Ya había comenzado a anochecer cuando Patricia entró en el recibidor y pisó el montón de ropa.

—¡Hola! —gritó en el aire—. ¿Has estado de copas?

—¿Por qué?

—La ropa apesta a bar.

—Me han echado.

Patricia colgó su chaqueta de una percha y entró en la cocina.

—Está lloviendo de nuevo —informó y se apartó el pelo de la cara.

—Lo sé —respondió Annika—. Acabo de llegar.

—¿Has cenado?

—No tengo hambre.

—Tienes que comer —exhortó Patricia.

—De lo contrario ¿qué pasa?, ¿mal karma?

Patricia sonrió.

—El karma son los pecados de vidas anteriores que afectan a tu vida actual. Lo que tú tienes se llama hambre. Y la gente se muere de eso.
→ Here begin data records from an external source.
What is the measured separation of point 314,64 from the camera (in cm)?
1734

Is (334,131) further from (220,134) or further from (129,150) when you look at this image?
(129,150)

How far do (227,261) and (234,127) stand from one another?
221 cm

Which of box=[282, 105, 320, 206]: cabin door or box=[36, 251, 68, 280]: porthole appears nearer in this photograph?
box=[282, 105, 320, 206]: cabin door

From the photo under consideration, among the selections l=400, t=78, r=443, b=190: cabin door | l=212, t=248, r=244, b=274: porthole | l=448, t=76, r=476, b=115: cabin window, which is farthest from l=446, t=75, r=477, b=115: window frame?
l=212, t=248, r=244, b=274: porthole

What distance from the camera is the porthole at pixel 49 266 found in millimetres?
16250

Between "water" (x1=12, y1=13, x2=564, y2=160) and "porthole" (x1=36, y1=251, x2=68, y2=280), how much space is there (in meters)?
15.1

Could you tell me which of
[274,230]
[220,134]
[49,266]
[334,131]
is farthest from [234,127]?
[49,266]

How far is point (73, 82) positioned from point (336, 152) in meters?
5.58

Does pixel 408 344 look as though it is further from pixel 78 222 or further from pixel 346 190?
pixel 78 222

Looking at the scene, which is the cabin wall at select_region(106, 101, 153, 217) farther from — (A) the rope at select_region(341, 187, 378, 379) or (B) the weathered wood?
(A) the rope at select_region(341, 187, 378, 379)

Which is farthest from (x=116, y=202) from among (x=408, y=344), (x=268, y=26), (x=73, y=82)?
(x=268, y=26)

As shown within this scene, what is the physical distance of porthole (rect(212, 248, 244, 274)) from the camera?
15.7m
Se fue a la cocina, batió unos huevos y cocinó. Annika miraba a través de la ventana, el chisporroteo de la lluvia contribuía a oscurecer la noche.

—Pronto llegará el otoño —dijo Annika.

—¡Aquí tienes! Tortilla de setas —anunció Patricia y se sentó frente a ella.
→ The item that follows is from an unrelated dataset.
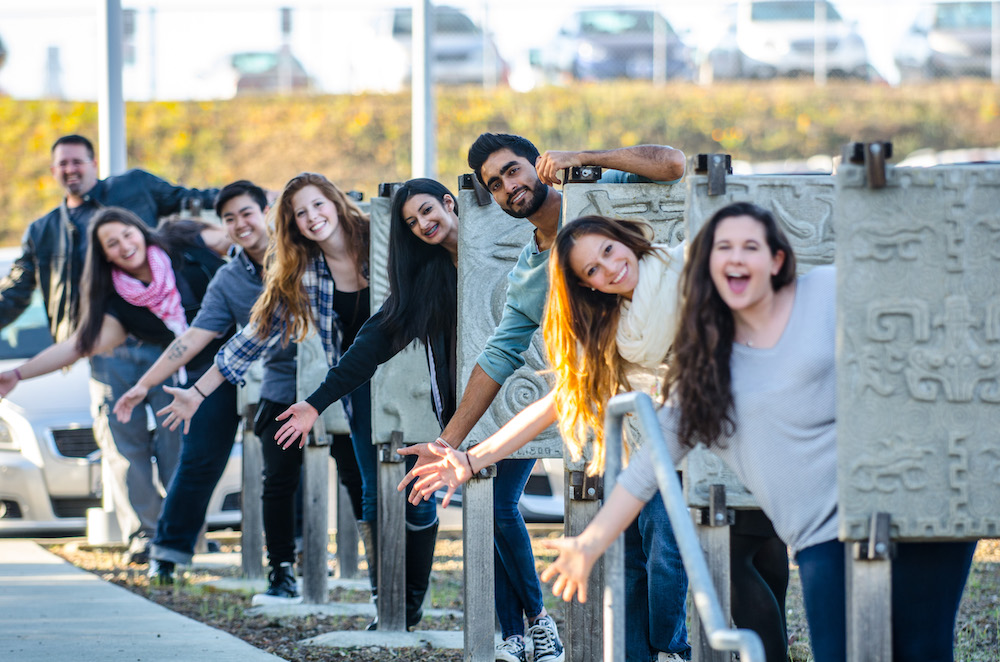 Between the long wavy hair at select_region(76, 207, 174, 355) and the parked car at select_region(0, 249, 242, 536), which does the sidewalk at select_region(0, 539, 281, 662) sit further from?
the long wavy hair at select_region(76, 207, 174, 355)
Annika se sorprendió de comerse toda su ración.

—¿Qué decías?, ¿que te han echado?

Annika bajó la mirada a su plato vacío.

—No me han prorrogado el contrato. El sindicato quería echarme inmediatamente.

—¡Son unos idiotas! —exclamó Patricia tan decidida que Annika comenzó a reír.